- Directed by: Hideki Oka
- Written by: Keiichi Hasegawa
- Produced by: Tsuburaya Productions
- Starring: DAIGO Takeshi Tsuruno Taiyo Sugiura
- Cinematography: Sou Takahashi
- Edited by: Akira Matsuki
- Music by: Fumio Hara
- Distributed by: Shochiku
- Release date: March 24, 2012;
- Running time: 90 minutes
- Country: Japan
- Language: Japanese
- Box office: $6.1 million

= Ultraman Saga =

Ultraman Saga (ウルトラマンサーガ, Urutoraman Sāga) is a 2012 Japanese tokusatsu, superhero and kaiju film in the Ultra Series to commemorate the franchise's 45th anniversary. It serves as a sequel to Ultraman Zero: The Revenge of Belial. The catchphrase for the movie is "We Still Have Glittering Hope!!" (僕らにはまだ、輝く希望がある!!, Bokura ni wa Mada, Kagayaku Kibō ga Aru!!). The film features Ultraman Zero, Ultraman Dyna, and Ultraman Cosmos as well as the five Ultra Brothers facing a new ultimate threat, Hyper Zetton (ハイパーゼットン, Haipā Zetton) and the Kaiju army created by the evil Alien Bat (バット星人, Batto Seijin). The film also features a new Ultraman known as Ultraman Saga (ウルトラマンサーガ, Urutoraman Sāga). The movie is set in the world of Ultraman Dyna, taking place 15 years after the series and features much of the supporting cast returning. A selection of members from the idol group AKB48 has been chosen to portray the characters of Team-U, a special Kaiju attack team part of the fictional Earth Defense Force.

In its first week in theaters, Ultraman Saga opened at the #4 spot in the Japanese box offices, about 166,006 people in 369 screens with a budget of ¥143,747,300.

==Plot==

The film opens with a powerful apocalyptic vision of Tokyo, buildings destroyed and the city seemingly devoid of life. We are soon introduced to the Earth Defense Force (EDF), Team U (played by members of the female idol group AKB48), who go on a shopping raid in a desolate store in the city. During their raid, Team U is attacked by a Arstron. Despite their setup traps and weapons assisting them, they are no match for the Kaiju. As the Kaiju rampages, Ultraman Dyna appears and quickly destroys Arstron.

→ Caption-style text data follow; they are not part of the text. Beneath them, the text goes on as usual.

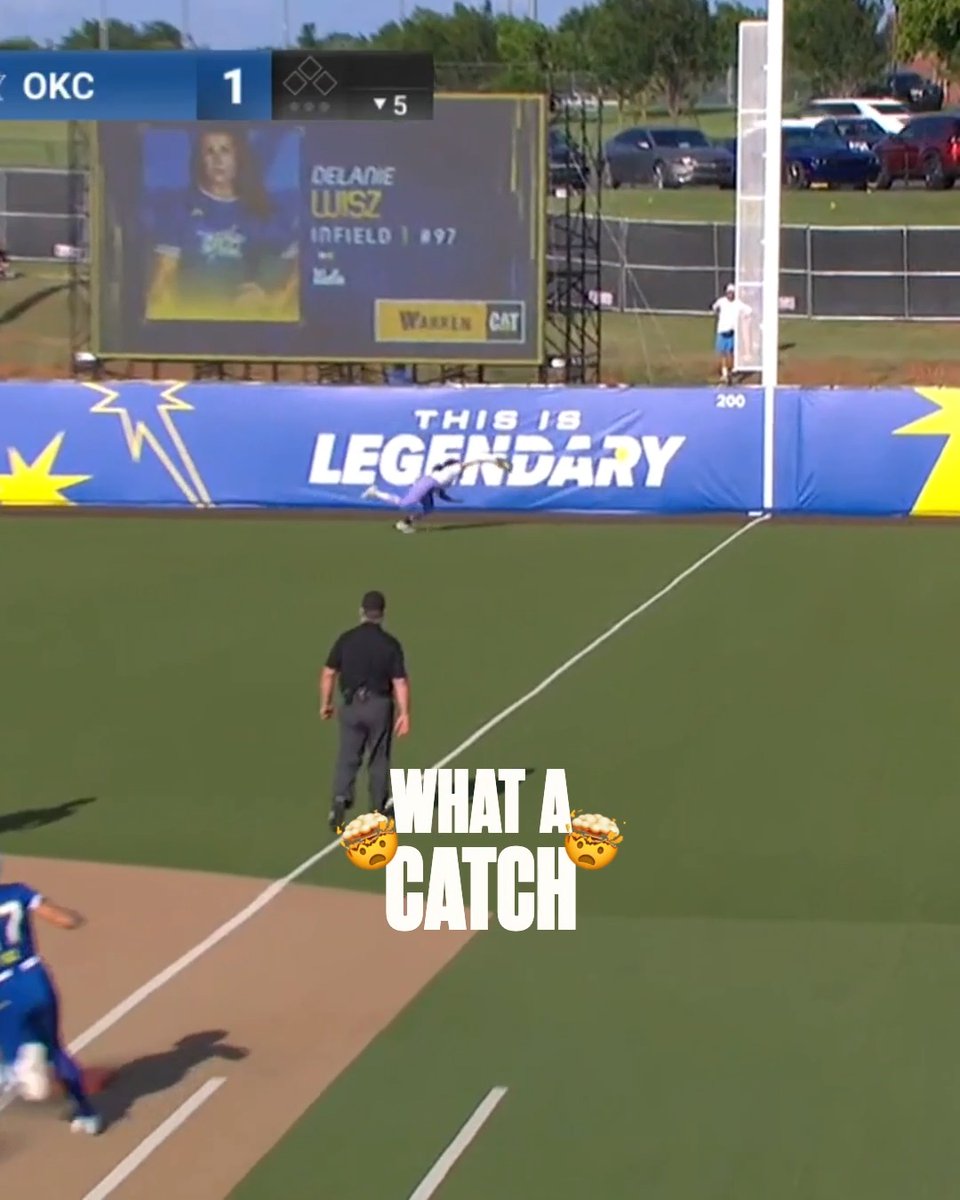 WHAT A CATCH rylie 🤯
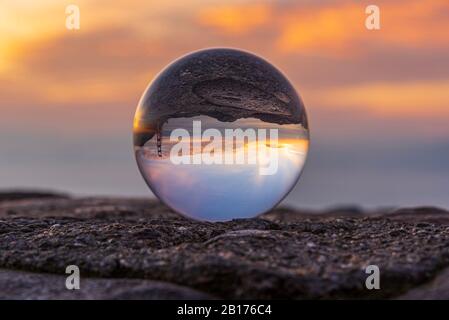 Ein Lensball gegen eine warme Morgensonne Stockfoto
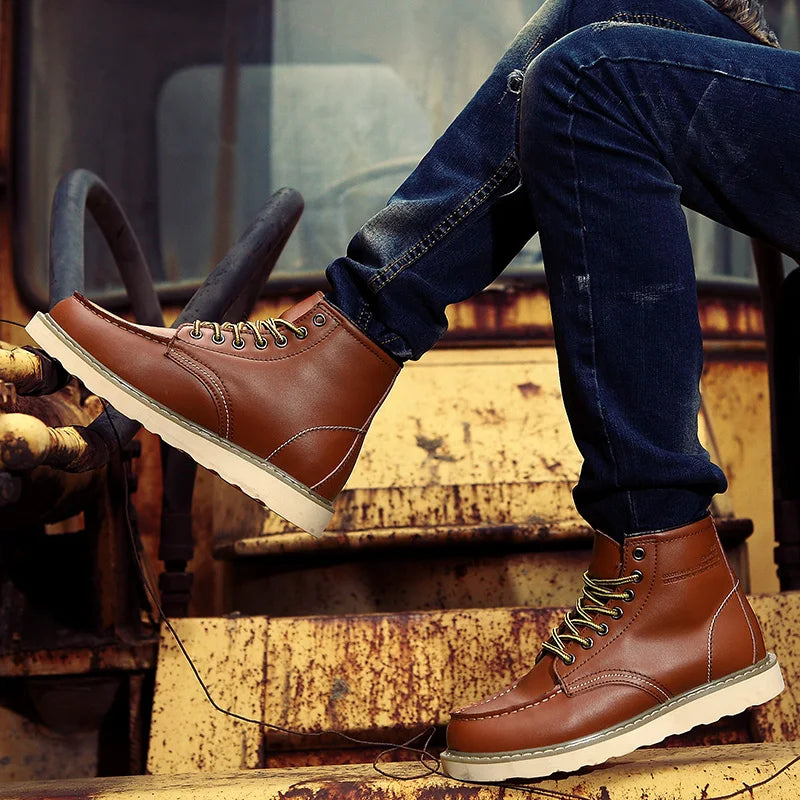 CLASSIC LACE-UP BOOTS FOR MEN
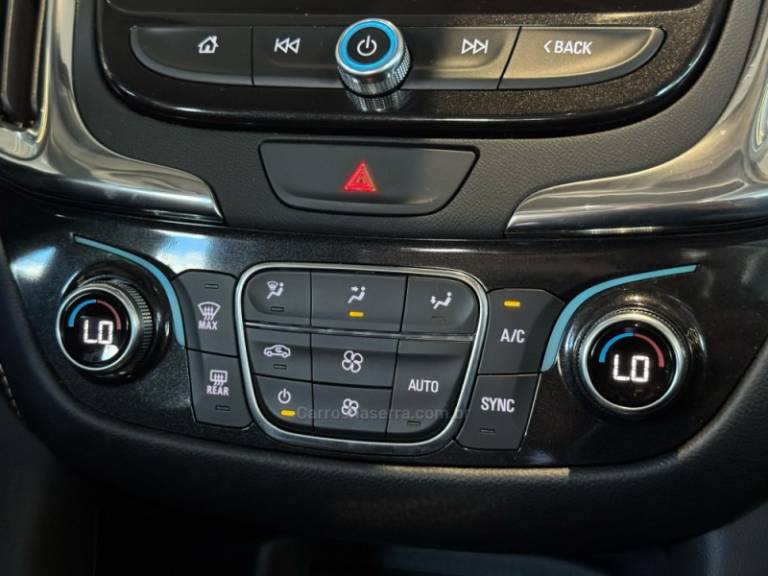 CHEVROLET - EQUINOX - 2022/2023 - Branca - R$ 179.900,00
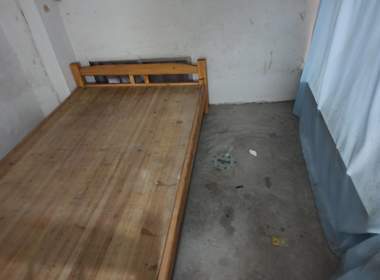 江夏东五巷6号 1室1厅1卫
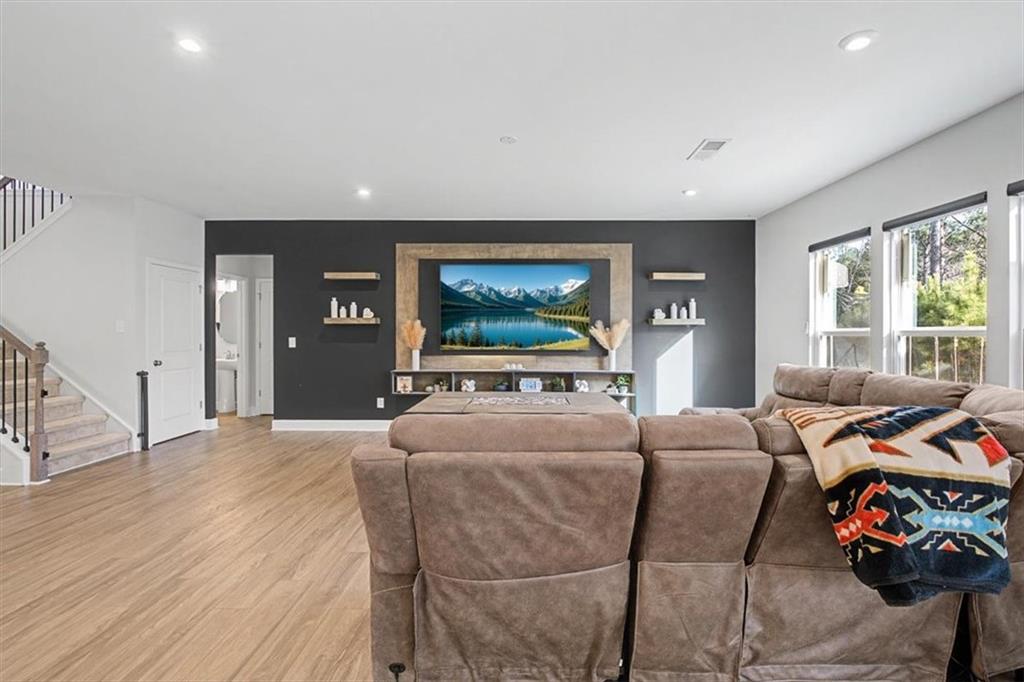 669 Fairway Drive Acworth, GA 30101 - Photo 9 of 45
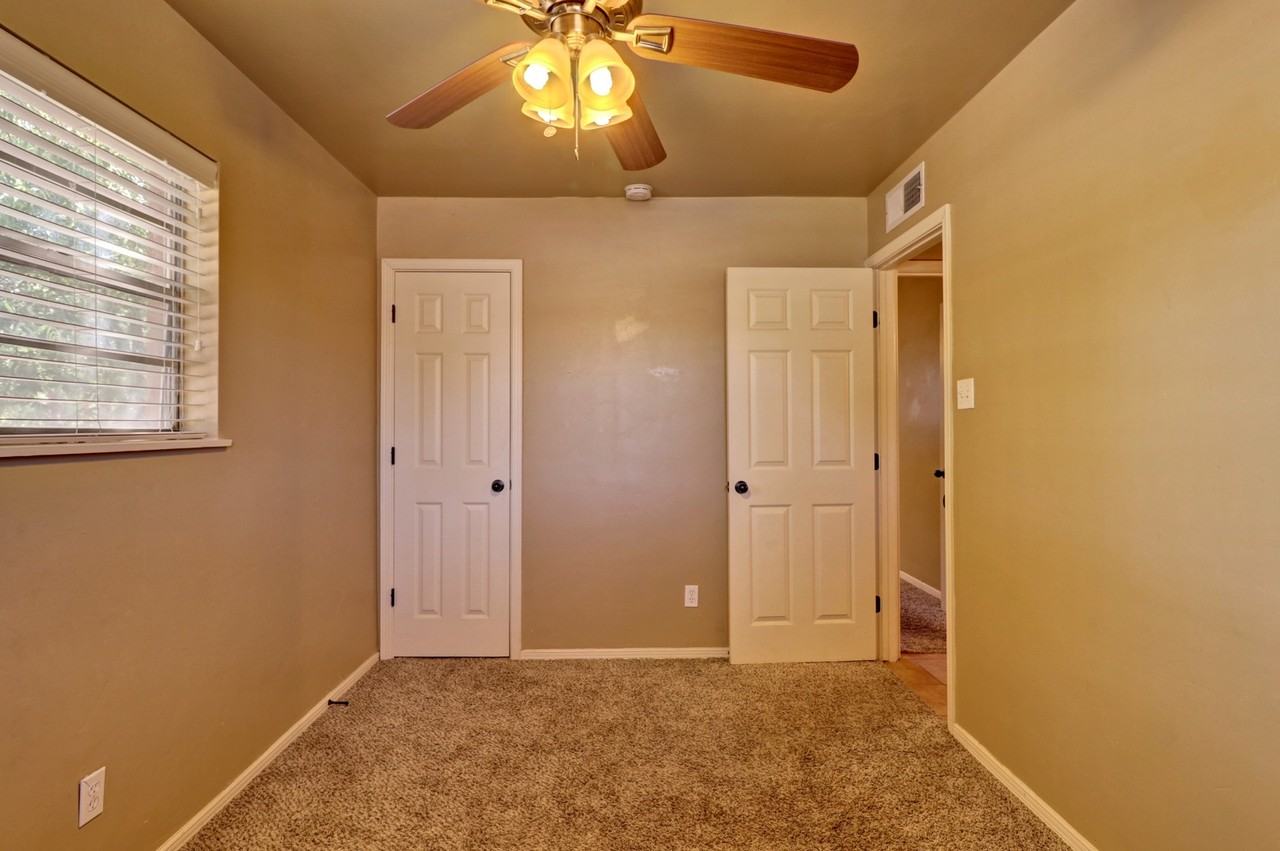 2170 Calle De Santa Ana - Photo 2 of 27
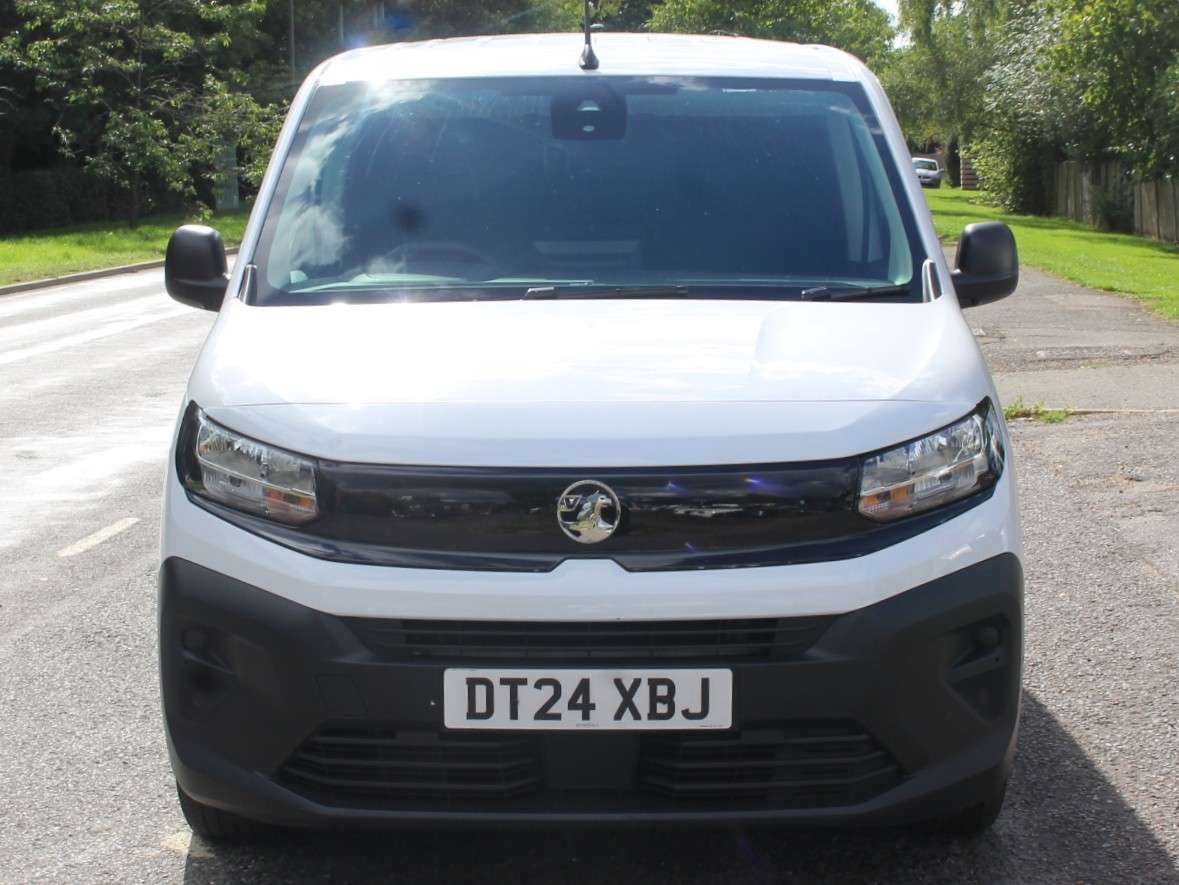A 2024 VAUXHALL COMBO 1.5 Turbo D 2300 Prime Panel Van 5dr Diesel Manual SWB Euro 6 (s/s) (100 ps) A 2024 VAUXHALL COMBO 1.5 Turbo D 2300 Prime Panel Van 5dr Diesel Manual SWB Euro 6 (s/s) (100 ps)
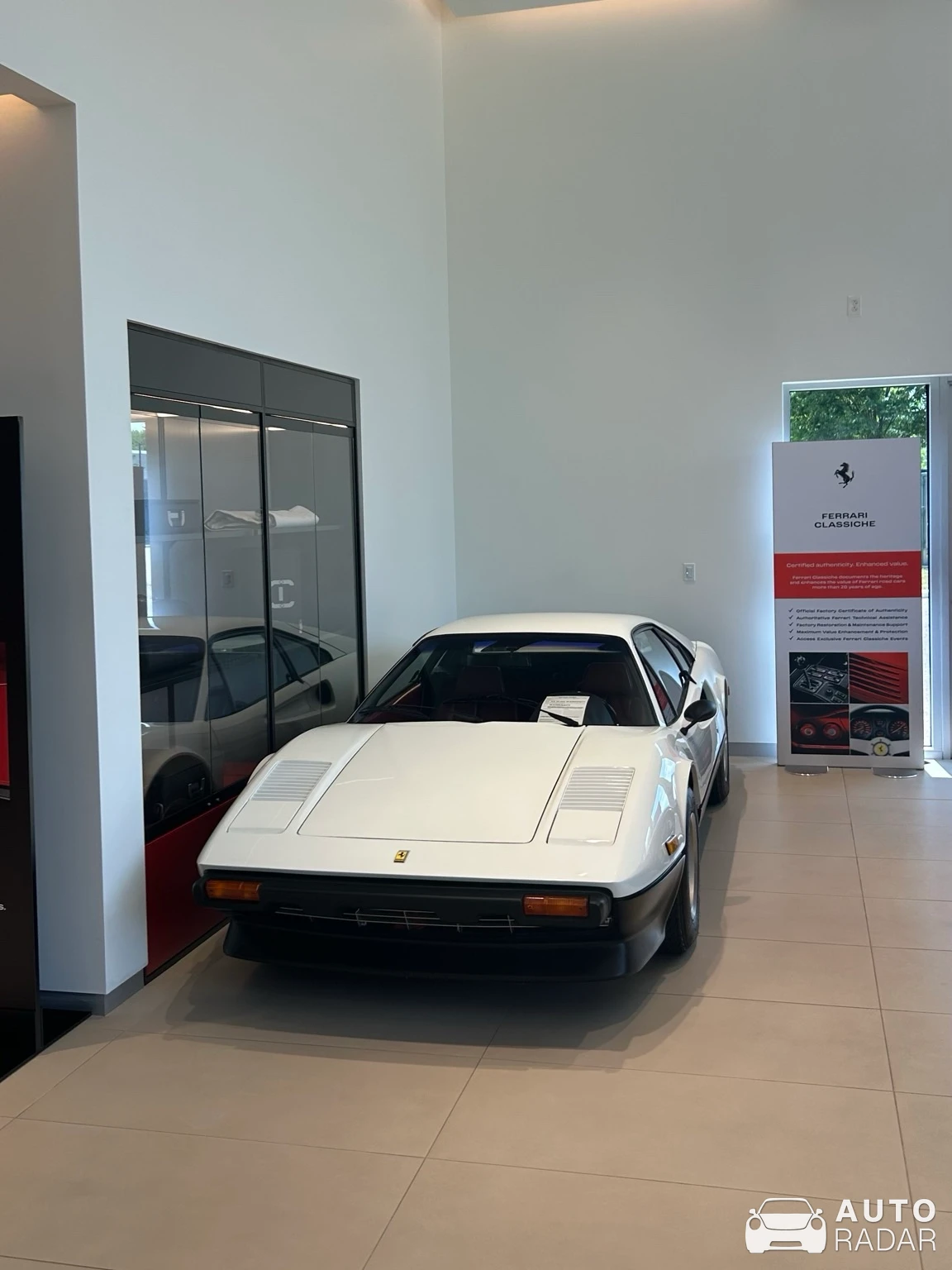 Ferrari 308 spotted in Dublin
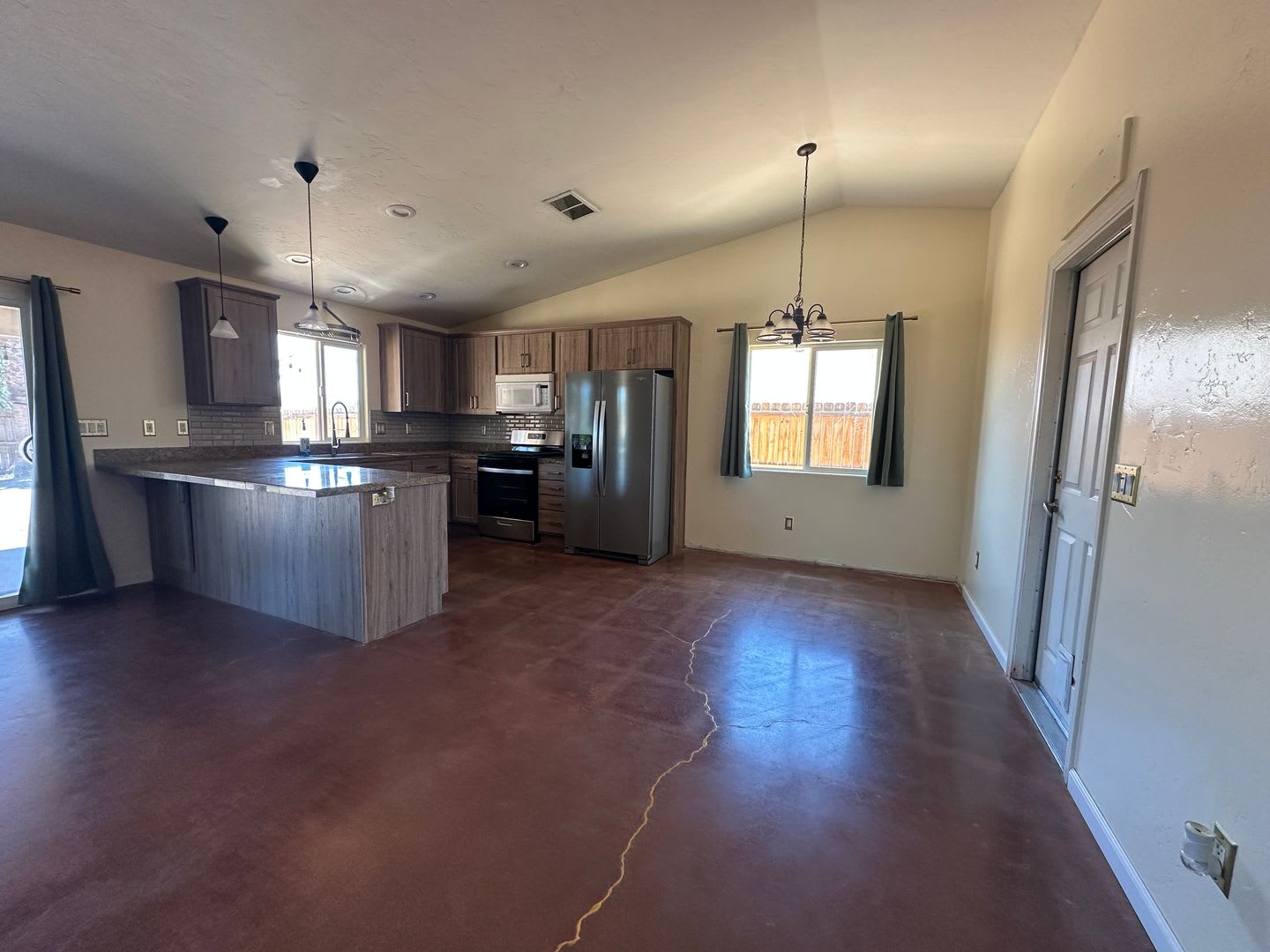 *$100.00 off 1st months Rent Move in Special!*Open Concept 3 Bedroom 2 Bath Home – photo 4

Meanwhile, in the alternate universe in which he defeated Ultraman Belial, Ultraman Zero receives a distress call from an unknown voice as he is battling a hoard of Legionoids and proceeds into the multiverse after making quick work of the robots. Upon arriving to the universe where he received the distress signal, he goes towards the Earth in aid, which is revealed to be the same universe in while
Ultraman Dyna took place. Shortly before Zero departs, the hosts and Human forms of Ultraman, Seven, Jack, Ace and Leo comment on something unusual taking place in the multiverse, referring to the universe in which Zero is headed for.

Taking place 15 years after Shin Asuka (Ultraman Dyna) disappeared through a black hole at the series's ending, Earth has since then set up a space station on Mars in Asuka's honor and memory. The space station is then attacked by a few Granspheres, only for the invaders to quickly be fended off by a young defense team pilot named Taiga. Shortly after recklessly pursuing the Granspheres, Taiga is trapped (along with a few other Granspheres) inside of a Fortress-like Ship of an invading alien force, that quickly disappears.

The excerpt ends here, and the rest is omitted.